Illustrative: students at Tel Aviv University on October 14, 2018. (Flash90)

The funds will be distributed over five years to: The Hebrew University of Jerusalem, the Bezalel Academy of Art and Design, and the Azrieli College of Engineering, in Jerusalem; Tel Aviv University, Shenkar College of Engineering. Design. Art, and Afeka Academic College of Engineering, in Tel Aviv; The Technion-Israel Institute of Technology, Haifa University, in Haifa; ORT Braude College of Engineering, in Karmiel; Tel-Hai College in the Galilee; the Holon Institute of Technology in Holon; Bar-Ilan University in Ramat Gan; Ben-Gurion University of the Negev in Beersheba; Sapir Academic College in Sderot; and Ariel University in Ariel.

“The goal is to promote vibrant, inspirational, entrepreneurial centers that will encourage students to be active and think innovatively, together with the best researchers the academic institution has to offer,” said the chair of the CHE’s Planning and Budgeting Committee, Prof.
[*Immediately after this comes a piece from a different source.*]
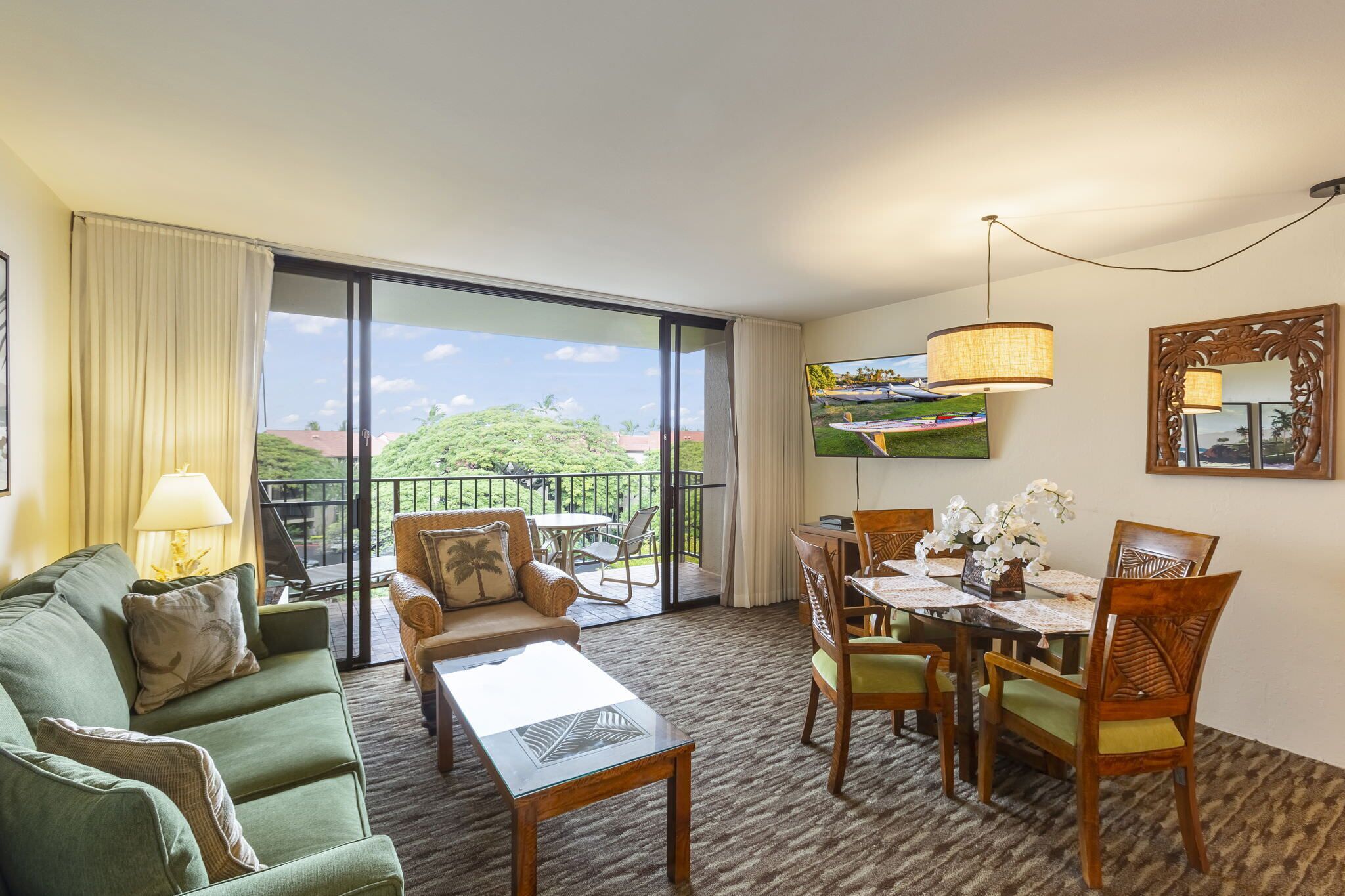 Pau Hana Hale | Steps to the Beach & Pool!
Yaffa Zilbershats, in the statement. “Rapid changes in technology require that academia make the necessary adjustments and integrate the world of innovation and entrepreneurial thought into every academic institution in Israel.”
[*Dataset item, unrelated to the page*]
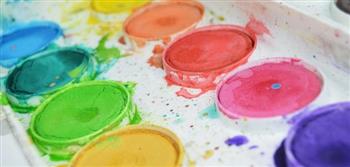  طريقة صنع ألوان الماء في المنزل للأطفال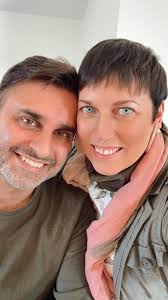 Milano: Is there a "hipster" area in Milan where I could find vegan cafes  and restaurants, (street) art, maybe flea markets, etc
In practice, universities and colleges across the country have already been rolling out entrepreneurship programs in a bid to arm students with much needed theory along with a toolbox of mentorships, networking and tips on how best to approach investors for funding as innovation in Israel booms.

Night view of IDC’s Adelson School of Entrepreneurship (Courtesy: Oded Amram)

The Interdisciplinary Center (IDC) Herzliya has set up the Adelson School of Entrepreneurship (ASE), which has become a hub for all of the private college’s entrepreneurial activities, both academic and extracurricular. The nonprofit private institute for higher education’s flagship offering for undergraduates is its Zell entrepreneurship program, a venture creation program within academia.

Meanwhile, the Hebrew University of Jerusalem already plans to make entrepreneurship part of the staple diet of all of its students, including historians, engineers and philosophers. Ben-Gurion University of the Negev last year set up an entrepreneurship program, Yazamut 360, which aims to encourage students, faculty members and researchers to develop and hone their entrepreneurship skills. Nobel Prize winner Professor Dan Shechtman has been running a course on technological entrepreneurship at the Technion- Israel Institute of Technology for more than 30 years.

Now, these institutions will be getting funding from the CHE to boost these initiatives and similar ones.

The universities and colleges will be encouraged to attract leading Israeli researchers from across multiple businesses and industries and hold activities like hackathons and meet-ups to stimulate collaboration and creativity, the CHE statement said. Students from all parts of campus will be trained in entrepreneurship and will work with lecturers and researchers, as well as with professional mentors, “to create meaningful projects and impact society.”